> [Action item] From the first line of the material below through the line containing "Set renovare bucătărie: 2", print every line exactly as it stands, but no pictures.

> [Excerpted data]
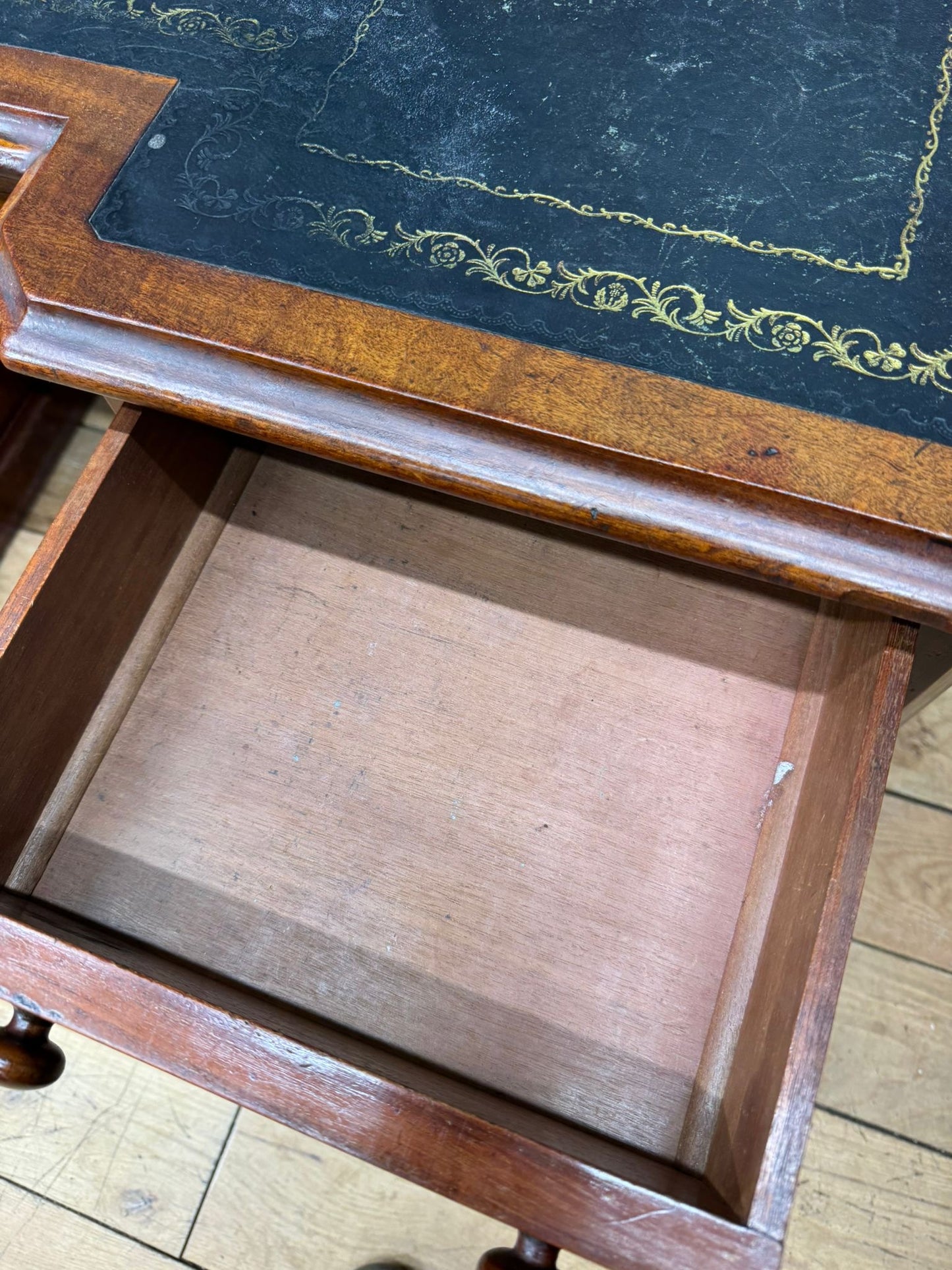 Antique Mahogany Pedestal Desk with Black Leather Top / Dressing Table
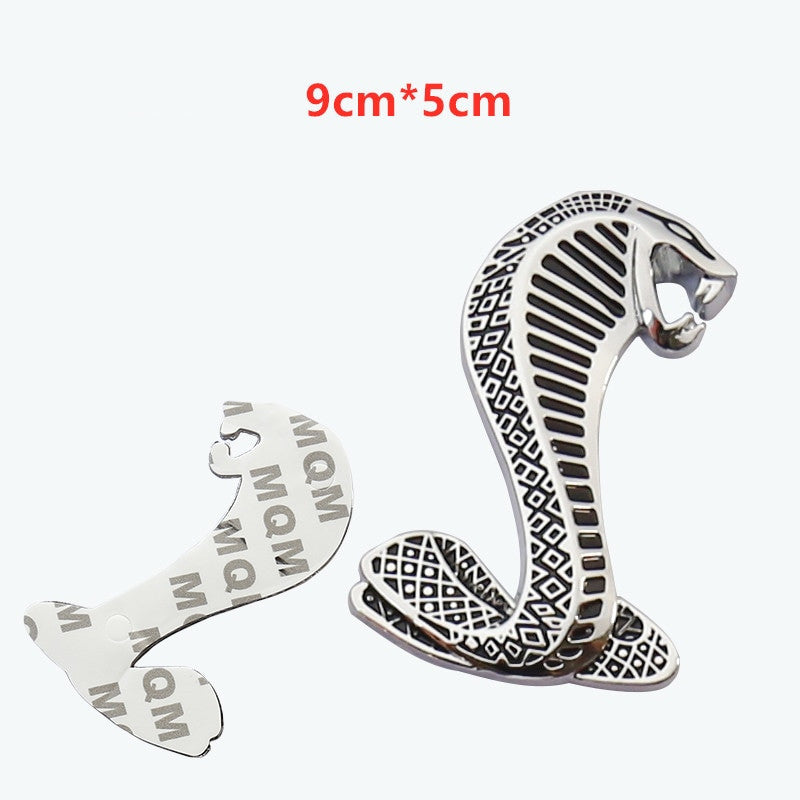 1pcs Metal Snake Cobra Badge Front Grille Emblem Rear Trunk Decal Sticker for Mustang - larahd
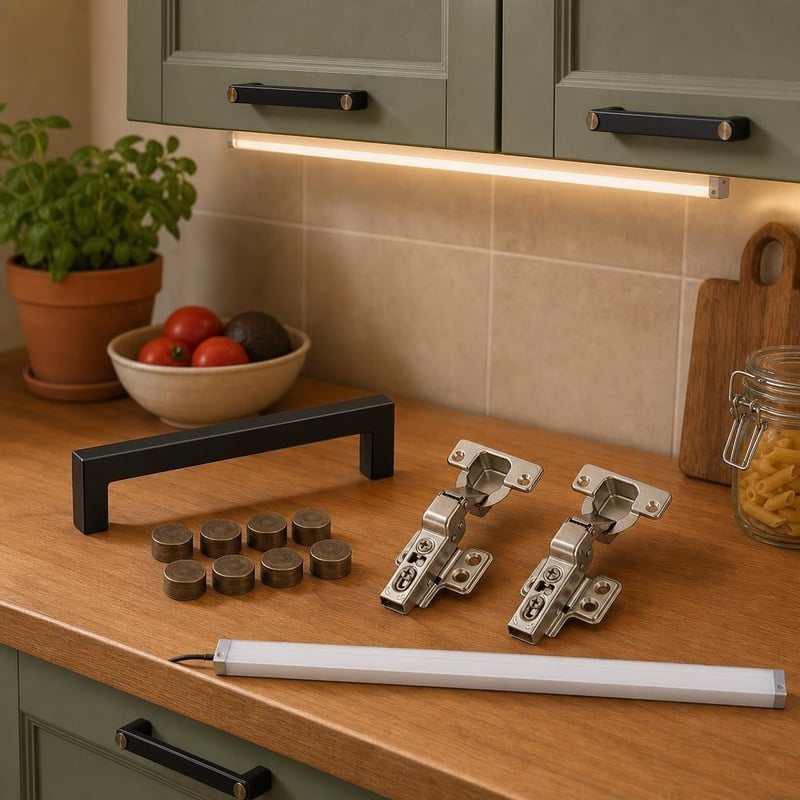 Set renovare bucătărie: 2 mânere + 8 capace bronz + 2 balamale soft-close + lampă LED 80 cm cu senzor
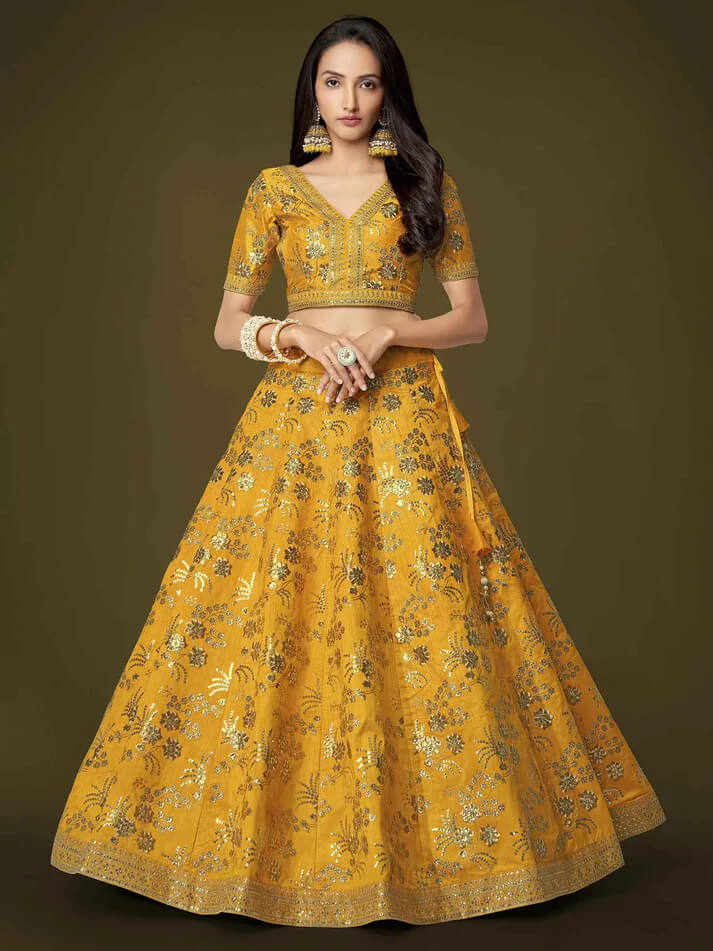 Yellow Silk Lehenga with Zari, Sequins & Dori Work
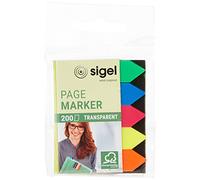 SIGEL HN613 Marcapáginas adhesivos, cinta de filme transparente, funda de 200 flechas de 45 x 12 mm, 5 colores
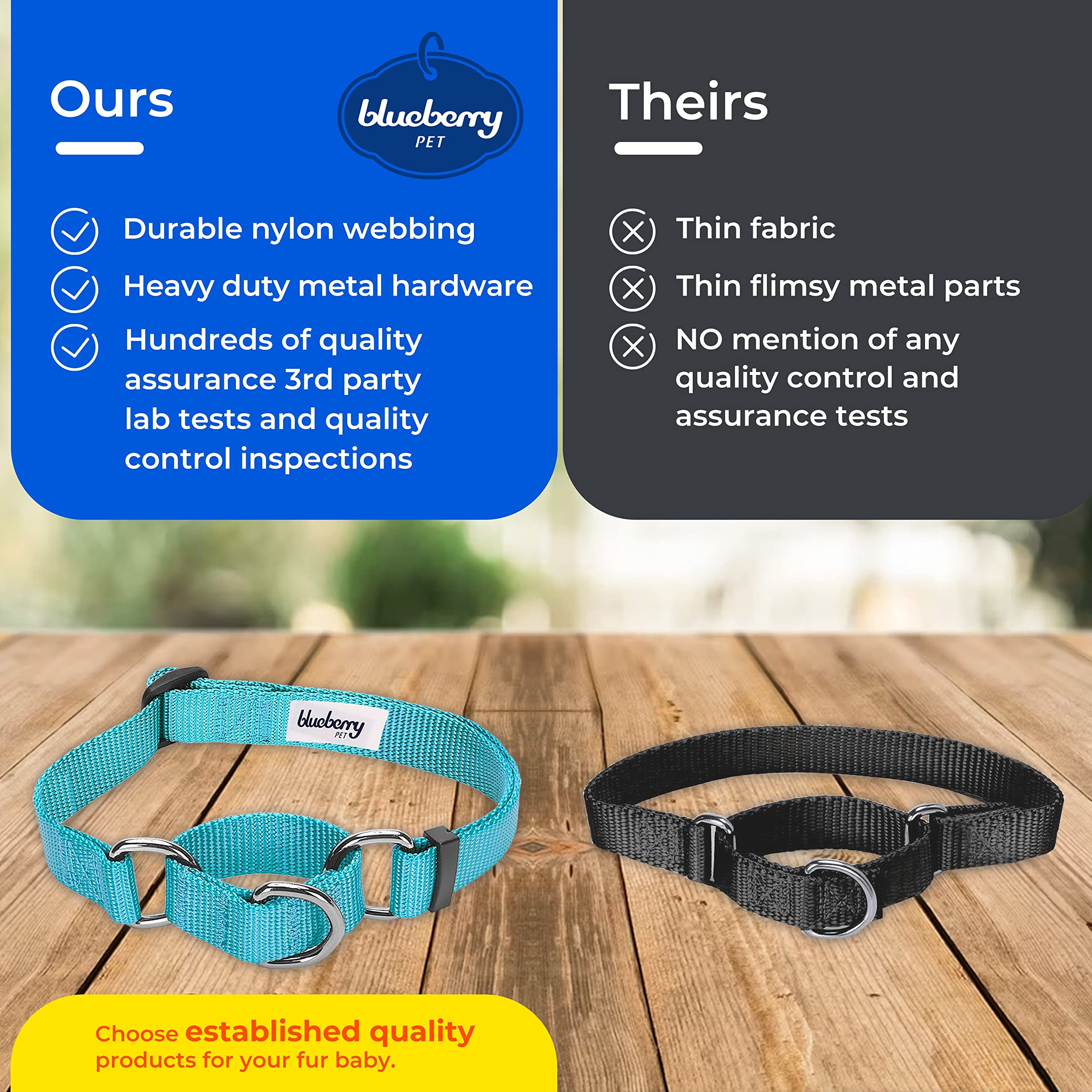 Blueberry Pet Essentials Martingale Safety Training Dog Collar, Very Berry, Small, Heavy Duty Nylon Adjustable Collars For Dogs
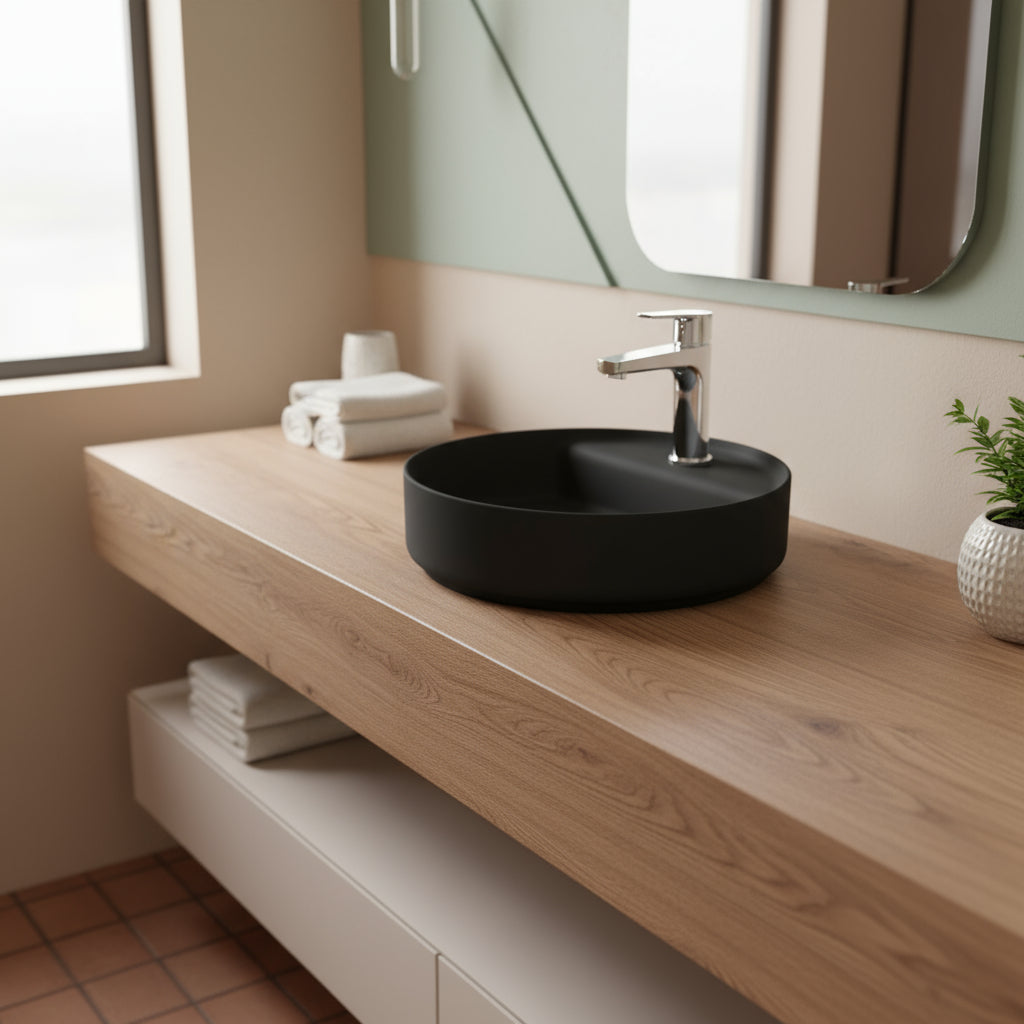 Lavabo d'appoggio tondo con foro BathCore serie Infinity 42 cm color Nero Opaco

> [Problem solution]
 Antique Mahogany Pedestal Desk with Black Leather Top / Dressing Table
 1pcs Metal Snake Cobra Badge Front Grille Emblem Rear Trunk Decal Sticker for Mustang - larahd
 Set renovare bucătărie: 2 mânere + 8 capace bronz + 2 balamale soft-close + lampă LED 80 cm cu senzor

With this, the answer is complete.